- DVD cover
- Directed by: Emanuele Crialese
- Written by: Emanuele Crialese
- Produced by: Domenico Procacci Anne-Dominique Toussaint
- Starring: Valeria Golino Vincenzo Amato
- Production companies: Fandango Les Films des Tournelles Roissy Films
- Distributed by: Sony Pictures Entertainment
- Release dates: 20 May 2002 (Cannes); 22 May 2002 (Italy); 1 January 2003 (France);
- Running time: 95 minutes
- Country: Italy
- Languages: Italian, Sicilian

= Respiro =

Respiro is a 2002 Italian-French drama film written and directed by Emanuele Crialese. It was released in English-language markets in 2003. The film stars Valeria Golino, Vincenzo Amato, and Francesco Casisa. In the Italian language, respiro means breath.

==Plot==

Grazia, played by Golino, is a free-spirited mother of three married to shy fisherman Pietro (Vincenzo Amato) and living on the idyllic but isolated island of Lampedusa in the Mediterranean Sea. She shows signs of manic depressive behaviour—one moment she is laughing wildly and swimming half-naked in the sea, while the next she is curled in a ball on her bed. Out of her earshot, the adult members of her extended family vaguely discuss sending her to a facility of some sort in Northern Italy.

Grazia is closely shepherded by her oldest son Pasquale, played by Casisa. After Pietro puts down one of Grazia's dogs because he thinks it might be dangerous, impulsive Grazia sets all the stray dogs free in the town's makeshift kennel. After the dogs swarm over the island, the locals demand that Pietro do something about his wife. But when he tells her he plans to send her away to Northern Italy, she runs away and hides in a cave on the shore, where she is secretly tended by Pasquale, who brings her food every day.

Pietro and some friends doggedly search the island for Grazia, so Pasquale leaves one of her dresses by the edge of the sea as a ruse. Pietro finds the dress—the one she was wearing the day she disappeared—and nearly everyone presumes she has drowned. Pietro, however, continues to search for her, and just before an important local religious festival, he sees her swimming in the water. He dives in to assist her, thinking a miracle has occurred, and many of the villagers follow suit, thus providing a sheltering circle around her as she is brought safely to shore.

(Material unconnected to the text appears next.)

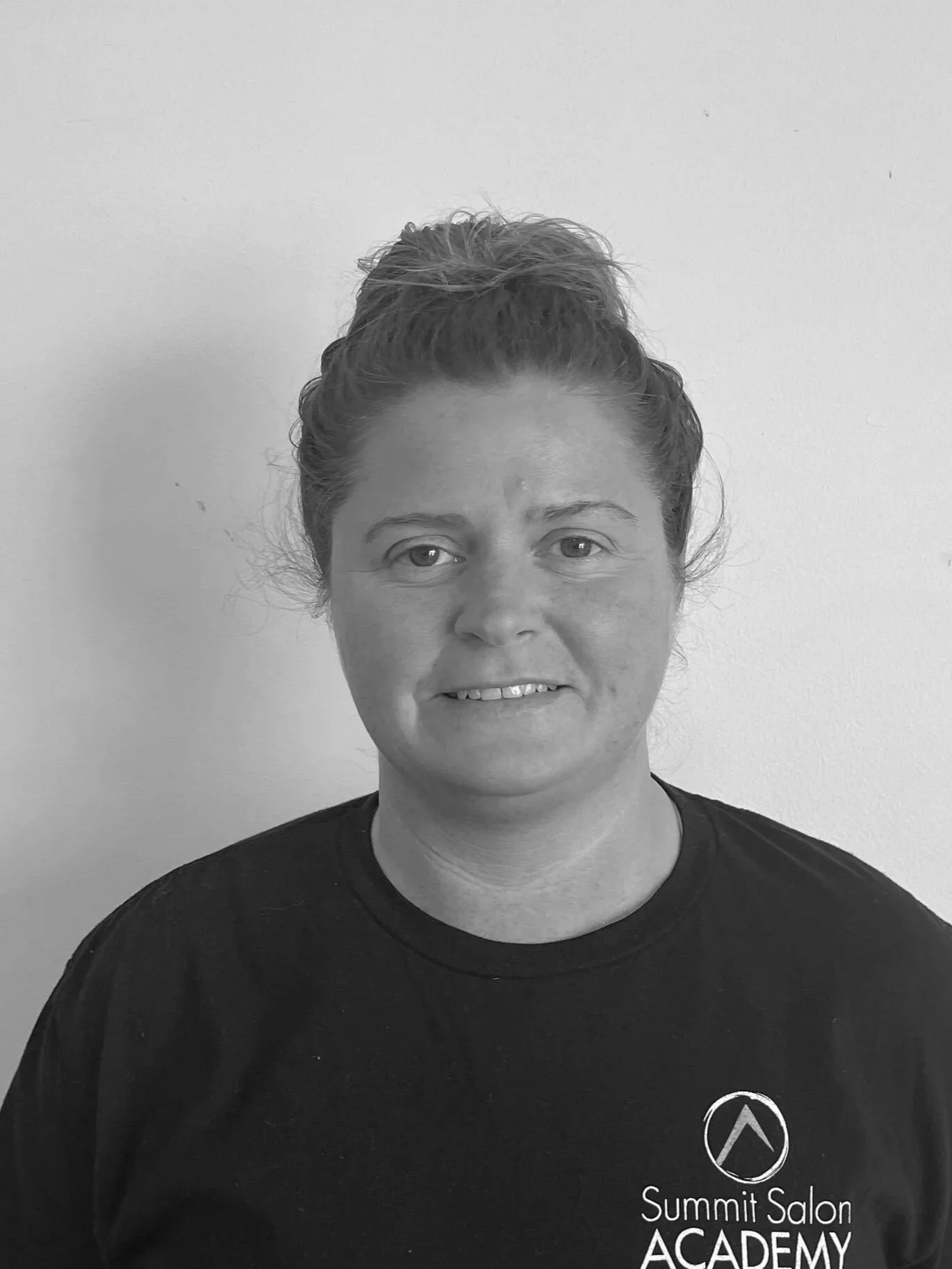 Black and white photo of a young woman with wavy hair, smiling, wearing a textured sweater, standing against a plain wall.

==Awards and nominations==
Writer/director Crialese won the Critics Week Grand Prize and the Young Critics Award at the Cannes Film Festival. The film was also nominated for the Best European Union Film at the César Awards and received other nominations and awards in various European award competitions.

==Soundtrack==
Artist John Surman wrote the original score featuring sequenced synthesizer and alto saxophone. There was no soundtrack CD released, however part of the score can be found on his 1981 album The Amazing Adventures of Simon Simon. The track is called "Part 1 - Nestor's Saga (The Tale of The Ancient)". The soundtrack also featured "La Bambola" performed by the Italian artist Patty Pravo.

==Critical reception==
The English-language reviews for Respiro were generally positive. Steven Holden wrote in The New York Times that "not since Y Tu Mamá También has a movie so palpably captured the down-to-earth, flesh-and-blood reality of high-spirited people living their lives without self-consciousness." Writing for Premiere magazine, critic Peter Debruge noted, "in the annals of Mediterranean island love stories, Respiro reflects the effortless charm of a film like Il Postino."

Critic Desson Thomson of The Washington Post, however, felt "its long-winded denouement, in which Grazia runs away rather than be sent to an institution, doesn't bring the story full circle. It just extends it."